For the history portion of the program, we were asked to read The Ghosts of Berlin by Brian Ladd and make comparisons between the book and memorials we saw during the trip. The book goes through Germany's history examining the conflicts that they are faced with to whether they should or should not keep the memorials that exist.
The one that I found the most interesting was the Berlin Wall. The Wall was in existence between August of 1961 and November of 1989 separating West Berlin from East Berlin. Although a major part of Berlin's history, the people wanted no remembrance of it, and so they began tearing it down piece by piece. Soon the Wall became a commodity as people were selling off pieces to make money, but eventually the demand would run out. Berlin struggled with the decision whether or not to tear the rest of the Wall down fully for years. I believe that they did a pretty good job of memorializing it by keeping a few sections of the Wall intact, opening the Checkpoint Charlie museum, and of coarse the Berlin Wall Memorial which consists of an outdoor exhibition in the former border strip, a documentation center, and Chapel of Reconciliation where daily prayer services for the victims of the Wall are held. Even though "the overwhelming desire was to be rid of the hated obstruction", I feel they made the right decision in memorializing it to show people that "in Berlin, Germany's wounds still lie open everywhere."
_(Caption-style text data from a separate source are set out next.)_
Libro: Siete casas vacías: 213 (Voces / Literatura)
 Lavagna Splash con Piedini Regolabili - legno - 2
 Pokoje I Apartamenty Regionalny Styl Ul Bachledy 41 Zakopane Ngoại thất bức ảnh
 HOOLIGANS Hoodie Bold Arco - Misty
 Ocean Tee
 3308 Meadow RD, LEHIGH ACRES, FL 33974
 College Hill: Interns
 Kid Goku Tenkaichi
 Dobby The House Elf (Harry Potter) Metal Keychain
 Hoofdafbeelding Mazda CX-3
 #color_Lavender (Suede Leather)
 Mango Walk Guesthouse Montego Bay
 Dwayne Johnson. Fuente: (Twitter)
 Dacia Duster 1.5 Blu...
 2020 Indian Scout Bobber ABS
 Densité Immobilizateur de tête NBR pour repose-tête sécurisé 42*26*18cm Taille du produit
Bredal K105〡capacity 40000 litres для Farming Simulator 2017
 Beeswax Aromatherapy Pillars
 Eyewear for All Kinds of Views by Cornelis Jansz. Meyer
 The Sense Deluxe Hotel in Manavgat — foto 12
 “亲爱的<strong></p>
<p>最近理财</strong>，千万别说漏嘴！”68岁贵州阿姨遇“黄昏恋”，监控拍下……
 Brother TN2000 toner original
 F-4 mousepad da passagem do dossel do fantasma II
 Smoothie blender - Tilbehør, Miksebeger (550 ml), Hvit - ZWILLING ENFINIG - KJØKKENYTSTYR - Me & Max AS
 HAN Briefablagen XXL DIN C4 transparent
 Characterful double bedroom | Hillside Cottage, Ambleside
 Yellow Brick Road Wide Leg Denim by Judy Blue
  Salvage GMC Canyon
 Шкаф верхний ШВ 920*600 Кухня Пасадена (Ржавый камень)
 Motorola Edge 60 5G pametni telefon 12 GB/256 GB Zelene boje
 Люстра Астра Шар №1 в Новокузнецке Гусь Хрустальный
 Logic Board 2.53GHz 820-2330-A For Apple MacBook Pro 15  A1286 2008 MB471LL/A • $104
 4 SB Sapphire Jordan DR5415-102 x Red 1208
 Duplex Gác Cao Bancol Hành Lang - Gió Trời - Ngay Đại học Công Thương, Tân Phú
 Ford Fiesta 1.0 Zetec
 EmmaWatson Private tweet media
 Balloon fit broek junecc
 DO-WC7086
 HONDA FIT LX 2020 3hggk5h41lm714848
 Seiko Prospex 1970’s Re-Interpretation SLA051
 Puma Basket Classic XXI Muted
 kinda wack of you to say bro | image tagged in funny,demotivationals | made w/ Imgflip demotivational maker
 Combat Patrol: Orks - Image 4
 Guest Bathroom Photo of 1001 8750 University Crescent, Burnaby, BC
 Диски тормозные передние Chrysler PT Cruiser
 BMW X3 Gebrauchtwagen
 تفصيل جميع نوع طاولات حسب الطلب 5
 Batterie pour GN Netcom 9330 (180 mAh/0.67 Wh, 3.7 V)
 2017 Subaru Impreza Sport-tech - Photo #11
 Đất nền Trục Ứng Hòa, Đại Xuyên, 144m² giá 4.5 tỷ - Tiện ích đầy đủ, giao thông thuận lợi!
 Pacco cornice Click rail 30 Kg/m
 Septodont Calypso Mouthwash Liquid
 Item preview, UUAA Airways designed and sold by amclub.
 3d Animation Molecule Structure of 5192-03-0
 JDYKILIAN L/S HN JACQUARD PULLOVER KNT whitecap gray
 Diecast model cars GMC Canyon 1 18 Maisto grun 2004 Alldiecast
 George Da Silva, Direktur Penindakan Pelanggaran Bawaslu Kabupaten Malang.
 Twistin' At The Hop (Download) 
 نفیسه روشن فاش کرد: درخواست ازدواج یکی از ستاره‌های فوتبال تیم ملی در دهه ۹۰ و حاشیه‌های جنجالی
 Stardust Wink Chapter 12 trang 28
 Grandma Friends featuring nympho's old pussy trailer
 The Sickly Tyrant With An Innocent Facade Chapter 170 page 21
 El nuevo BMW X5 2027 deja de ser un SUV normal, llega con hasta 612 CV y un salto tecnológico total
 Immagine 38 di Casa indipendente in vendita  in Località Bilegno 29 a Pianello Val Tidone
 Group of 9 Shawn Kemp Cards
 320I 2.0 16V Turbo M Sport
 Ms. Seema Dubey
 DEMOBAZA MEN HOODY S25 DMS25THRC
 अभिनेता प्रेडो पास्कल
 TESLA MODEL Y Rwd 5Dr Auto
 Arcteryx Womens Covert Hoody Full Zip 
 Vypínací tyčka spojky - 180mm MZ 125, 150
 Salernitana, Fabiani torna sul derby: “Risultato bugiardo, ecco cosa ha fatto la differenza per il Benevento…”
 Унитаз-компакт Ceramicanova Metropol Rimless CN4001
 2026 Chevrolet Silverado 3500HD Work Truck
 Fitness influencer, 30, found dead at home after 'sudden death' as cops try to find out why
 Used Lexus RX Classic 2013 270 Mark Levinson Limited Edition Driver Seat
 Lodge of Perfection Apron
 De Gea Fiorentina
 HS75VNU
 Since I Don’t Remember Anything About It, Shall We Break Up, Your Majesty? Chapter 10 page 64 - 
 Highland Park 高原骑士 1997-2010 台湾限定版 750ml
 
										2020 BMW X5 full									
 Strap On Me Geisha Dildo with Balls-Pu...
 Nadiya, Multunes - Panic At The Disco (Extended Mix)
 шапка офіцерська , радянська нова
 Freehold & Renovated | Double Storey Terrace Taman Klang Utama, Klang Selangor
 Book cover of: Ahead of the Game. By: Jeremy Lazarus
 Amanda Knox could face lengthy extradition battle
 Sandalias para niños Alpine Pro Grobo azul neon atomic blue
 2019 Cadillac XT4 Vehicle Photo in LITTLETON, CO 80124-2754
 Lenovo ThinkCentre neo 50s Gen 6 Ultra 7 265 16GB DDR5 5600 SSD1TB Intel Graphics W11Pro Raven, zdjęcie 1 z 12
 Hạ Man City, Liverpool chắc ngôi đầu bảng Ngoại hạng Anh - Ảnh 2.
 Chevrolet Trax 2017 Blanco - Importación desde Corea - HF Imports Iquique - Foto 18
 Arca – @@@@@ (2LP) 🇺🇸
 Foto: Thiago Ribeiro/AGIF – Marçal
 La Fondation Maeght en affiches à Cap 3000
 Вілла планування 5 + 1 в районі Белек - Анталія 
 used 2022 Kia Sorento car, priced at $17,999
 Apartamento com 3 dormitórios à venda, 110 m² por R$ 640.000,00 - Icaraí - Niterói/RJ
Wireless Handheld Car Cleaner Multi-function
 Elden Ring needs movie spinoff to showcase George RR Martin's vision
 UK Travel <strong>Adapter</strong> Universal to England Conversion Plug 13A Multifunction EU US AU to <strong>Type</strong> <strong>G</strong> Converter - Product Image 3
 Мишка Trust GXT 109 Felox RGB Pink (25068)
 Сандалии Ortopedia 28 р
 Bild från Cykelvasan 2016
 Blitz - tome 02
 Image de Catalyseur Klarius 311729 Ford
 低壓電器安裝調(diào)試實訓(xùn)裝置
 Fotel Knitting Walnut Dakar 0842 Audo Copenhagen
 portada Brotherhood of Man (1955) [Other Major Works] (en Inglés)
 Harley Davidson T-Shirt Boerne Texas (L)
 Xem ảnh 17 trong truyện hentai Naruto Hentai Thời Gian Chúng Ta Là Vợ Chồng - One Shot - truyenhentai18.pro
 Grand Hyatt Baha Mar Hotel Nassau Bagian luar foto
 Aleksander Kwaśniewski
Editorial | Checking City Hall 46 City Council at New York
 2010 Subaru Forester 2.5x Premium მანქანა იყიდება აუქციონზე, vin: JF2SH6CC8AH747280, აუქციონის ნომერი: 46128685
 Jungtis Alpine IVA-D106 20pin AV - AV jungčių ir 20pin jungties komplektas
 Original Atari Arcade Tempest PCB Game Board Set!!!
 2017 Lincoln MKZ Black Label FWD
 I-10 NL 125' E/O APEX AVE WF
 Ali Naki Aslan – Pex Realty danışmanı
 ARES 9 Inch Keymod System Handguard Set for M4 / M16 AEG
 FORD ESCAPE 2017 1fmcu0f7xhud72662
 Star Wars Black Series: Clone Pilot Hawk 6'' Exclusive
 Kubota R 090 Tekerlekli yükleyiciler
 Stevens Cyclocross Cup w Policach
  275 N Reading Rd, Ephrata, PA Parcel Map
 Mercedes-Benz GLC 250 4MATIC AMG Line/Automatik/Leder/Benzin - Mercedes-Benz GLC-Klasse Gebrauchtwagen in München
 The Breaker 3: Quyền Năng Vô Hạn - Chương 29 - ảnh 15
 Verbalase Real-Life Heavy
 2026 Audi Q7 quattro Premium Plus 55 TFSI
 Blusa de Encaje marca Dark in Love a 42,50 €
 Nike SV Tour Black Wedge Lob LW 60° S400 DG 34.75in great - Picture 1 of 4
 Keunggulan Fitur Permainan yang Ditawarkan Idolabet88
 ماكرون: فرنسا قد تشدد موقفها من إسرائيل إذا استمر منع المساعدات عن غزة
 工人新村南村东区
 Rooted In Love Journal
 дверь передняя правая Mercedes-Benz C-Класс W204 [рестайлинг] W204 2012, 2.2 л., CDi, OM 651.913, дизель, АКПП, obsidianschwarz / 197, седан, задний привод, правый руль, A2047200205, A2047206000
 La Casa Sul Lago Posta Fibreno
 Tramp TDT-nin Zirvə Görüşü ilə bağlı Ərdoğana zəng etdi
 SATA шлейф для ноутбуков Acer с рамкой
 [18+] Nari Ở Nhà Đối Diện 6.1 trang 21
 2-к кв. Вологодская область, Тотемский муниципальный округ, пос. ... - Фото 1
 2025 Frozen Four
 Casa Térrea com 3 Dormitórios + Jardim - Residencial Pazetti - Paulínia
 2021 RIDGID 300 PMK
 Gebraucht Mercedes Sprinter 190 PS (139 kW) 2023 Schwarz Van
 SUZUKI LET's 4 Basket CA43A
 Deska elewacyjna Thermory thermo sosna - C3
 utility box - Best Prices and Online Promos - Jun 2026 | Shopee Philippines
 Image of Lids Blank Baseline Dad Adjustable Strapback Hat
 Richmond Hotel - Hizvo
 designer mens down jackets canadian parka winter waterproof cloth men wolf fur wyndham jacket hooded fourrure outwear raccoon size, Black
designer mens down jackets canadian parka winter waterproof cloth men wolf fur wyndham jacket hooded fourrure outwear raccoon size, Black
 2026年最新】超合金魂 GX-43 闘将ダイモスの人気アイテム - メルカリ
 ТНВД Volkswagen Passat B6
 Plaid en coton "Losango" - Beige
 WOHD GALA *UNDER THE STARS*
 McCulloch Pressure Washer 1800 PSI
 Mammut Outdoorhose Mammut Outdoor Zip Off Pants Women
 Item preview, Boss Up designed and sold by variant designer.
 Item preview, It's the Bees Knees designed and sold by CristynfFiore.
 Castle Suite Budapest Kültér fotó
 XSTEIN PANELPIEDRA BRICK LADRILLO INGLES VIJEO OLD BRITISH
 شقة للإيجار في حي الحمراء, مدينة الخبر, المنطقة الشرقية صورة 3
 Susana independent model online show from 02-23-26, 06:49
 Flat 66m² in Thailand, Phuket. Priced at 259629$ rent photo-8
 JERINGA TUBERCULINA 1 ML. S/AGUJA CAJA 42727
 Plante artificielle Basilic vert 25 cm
The second memorial that I found interesting was the Soviet War Memorial at Treptow Park. This memorial symbolizes five thousand of the eighty thousand soldiers of the Red Army who fell in the Battle of Berlin in 1945. The Soviets defeated the Nazi regime and occupied East Berlin for many years under the name the German Democratic Republic (GDR). All of the GDR's monuments "were in the minds of Berliners not just a political statement but also a neighborhood icon, a repository of memories, or a vital piece of urban architecture." Postwar West Germany had "buried and denied its Nazi past", a mistake that would be repeated if all of the GDR's monuments were wiped away. So I felt that it was wise for them to keep the Soviet War Memorial. Here, visitors pass through an expansive landscape of granite memorial sculptures until they reach a 38 foot tall statue of a soldier holding a sword in one hand, a child in the other, and stepping on a swastika, "a grand expression of heroism and triumph." It is regarded as the best and main Soviet memorial in existence in Germany.
Throughout the book, we learn that Germany struggles with the decisions whether to keep and build these memorials of their hated past. Most citizens would much rather tear them all down and sweep everything under the rug. I was glad to see they decided to keep these memorials because, good or bad, it is part of their past and identity.